Baseline architecture for AKS on Azure Stack HCI

Azure Stack
Windows Server

This scenario illustrates how to design and implement a baseline architecture for Microsoft Azure Kubernetes Service (AKS) running on Azure Stack HCI (AKS hybrid).

This article includes recommendations for networking, security, identity, management, and monitoring of the cluster based on an organization's business requirements. It's part of an architectural baseline guidance set of two articles. See the recommendations for network design here.

Architecture

The following image shows the baseline architecture for Azure Kubernetes Service on Azure Stack HCI or Windows Server 2019/2022 datacenter failover cluster:

Conceptual image of Baseline architecture for Azure Kubernetes Service on Azure Stack HCI.

Download a Visio file of this architecture.

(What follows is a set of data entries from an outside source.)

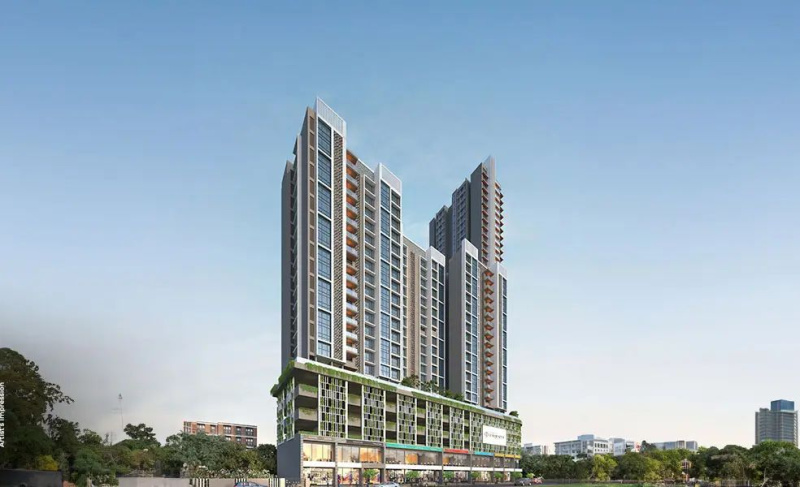 3 BHK Flats & Apartments for Sale in Malad West, Mumbai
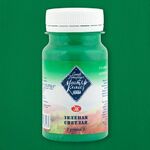 Краска гуашевая художественная "Мастер-Класс" зеленая светлая цв.№717 банка 100мл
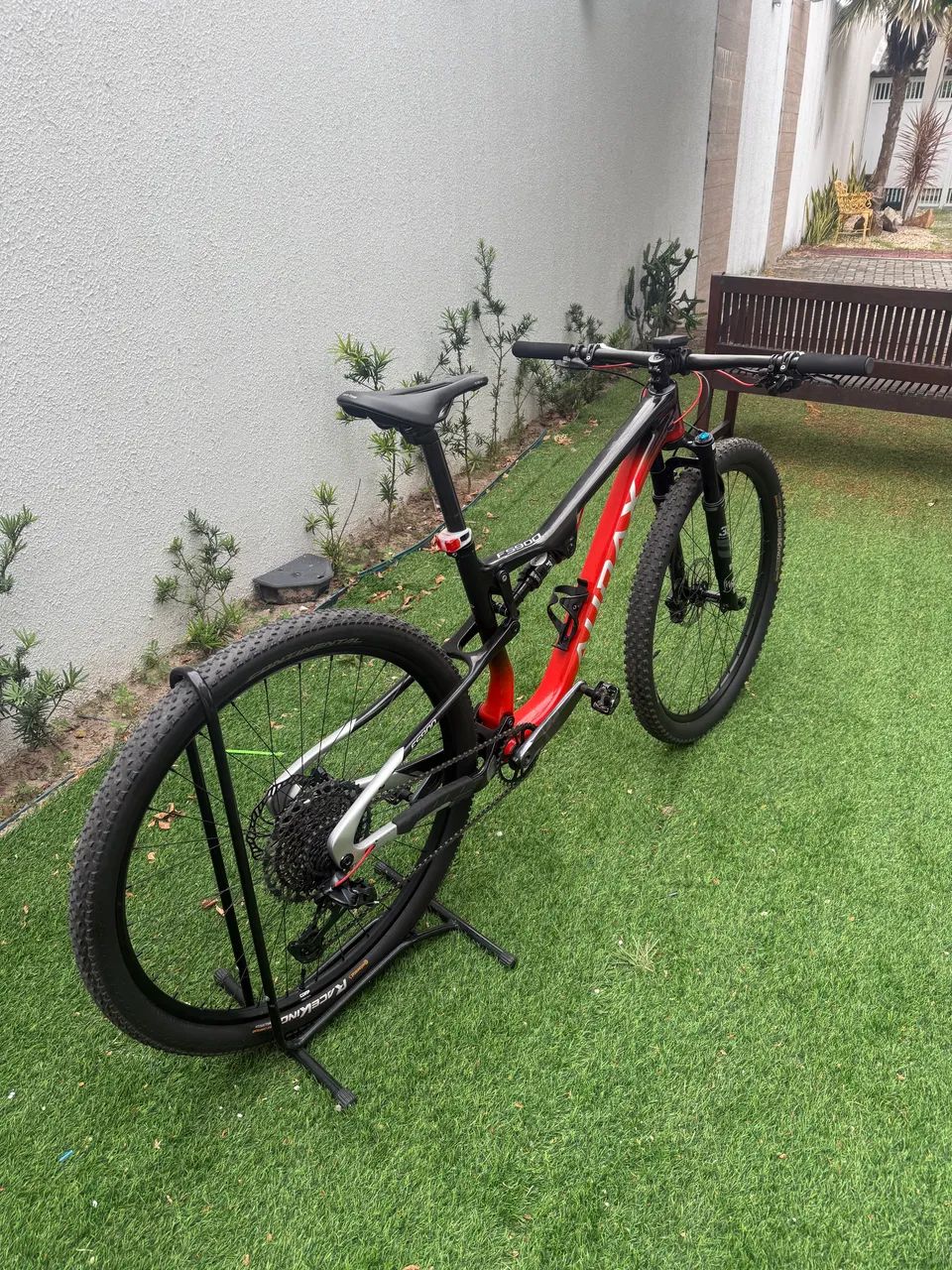 BICILCLETA AUDAX - FS900 SRAM GX - Foto 4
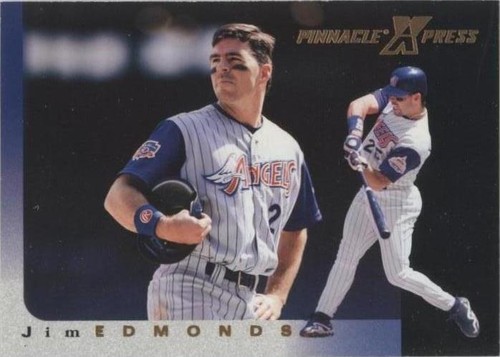 1997 Pinnacle X-Press - Jim Edmonds #81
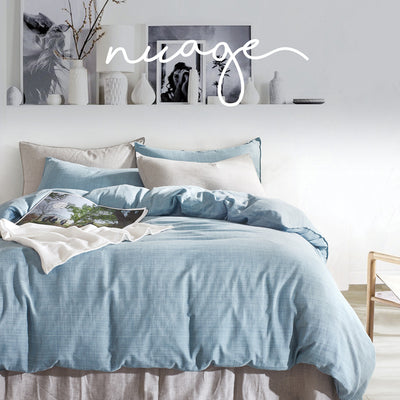 Charles Millen Nuage Deluxe Fitted Sheet Set, Teal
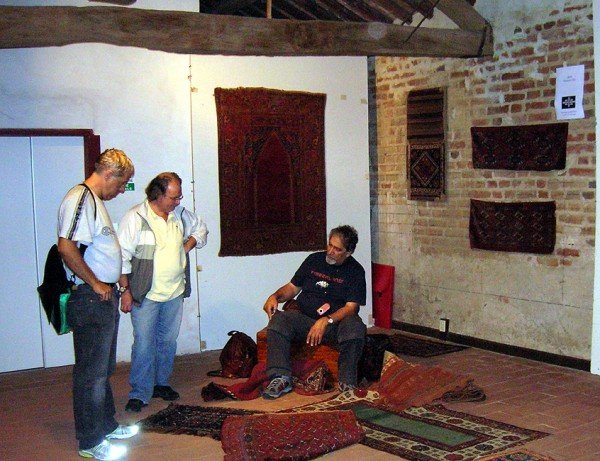 Jonathan Broido and visitors
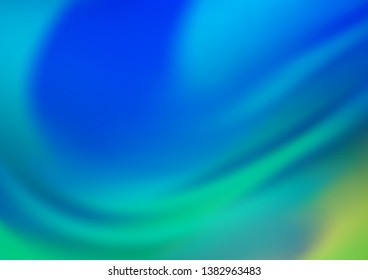 Light Blue, Green vector modern elegant background. Glitter abstract illustration with an elegant design. A completely new design for your business.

The architecture consists of the following components and capabilities:

  • Azure Stack HCI (20H2). A hyperconverged infrastructure (HCI) cluster solution that hosts virtualized Windows and Linux workloads and their storage in a hybrid on-premises environment. An Azure Stack HCI cluster is implemented as a 2-8 node cluster.
  • Azure Kubernetes Service on Azure Stack HCI (AKS hybrid). An on-premises implementation of AKS, which automates running containerized applications at scale.
  • Azure Arc. A cloud-based service that extends the Azure Resource Manager–based management model to non-Azure resources including non-Azure virtual machines (VMs), Kubernetes clusters, and containerized databases.
  • Azure Policy. A cloud-based service that helps enforce organizational standards and assess compliance at-scale by evaluating Azure (including Arc-enabled) resources to the properties of those resources to business rules. These standards also include Azure Policy for Kubernetes, which applies policies to the workloads running inside the cluster.
  • Azure Monitor. A cloud-based service that maximizes the availability and performance of your applications and services by delivering a comprehensive solution for collecting, analyzing, and acting on telemetry from your cloud and on-premises environments.
  • Microsoft Defender for Cloud. A unified infrastructure security management system that strengthens the security posture of your data centers and provides advanced threat protection across your hybrid workloads in the cloud and on-premises.
  • Azure Automation. Delivers a cloud-based automation and configuration service that supports consistent management across your Azure and non-Azure environments.
  • Velero. An open-source tool that supports on-demand backup and scheduled backup and restores all objects in the Kubernetes cluster.
  • Azure Blob Storage. Massively scalable and secure object storage for cloud-native workloads, archives, data lakes, high-performance computing, and machine learning.

Components

Scenario details

Potential use cases

  • Implement highly available, container-based workloads in an on-premises Kubernetes implementation of AKS.
  • Automate running containerized applications at scale.
  • Lower total cost of ownership (TCO) through Microsoft-certified solutions, cloud-based automation, centralized management, and centralized monitoring.

Certified hardware

Use Azure Stack HCI-certified hardware, which provides Secure Boot, United Extensible Firmware Interface (UEFI), and Trusted Platform Module (TPM) settings out of the box. Compute requirements depend on the application and the number of worker nodes that run in AKS on the Azure Stack HCI cluster. Use multiple physical nodes for deployment of Azure Stack HCI or at least a two node Windows Server Datacenter failover cluster to achieve high availability. It's required that all servers have the same manufacturer and model, using 64-bit Intel Nehalem grade, AMD EPYC grade, or later compatible processors with second-level address translation (SLAT).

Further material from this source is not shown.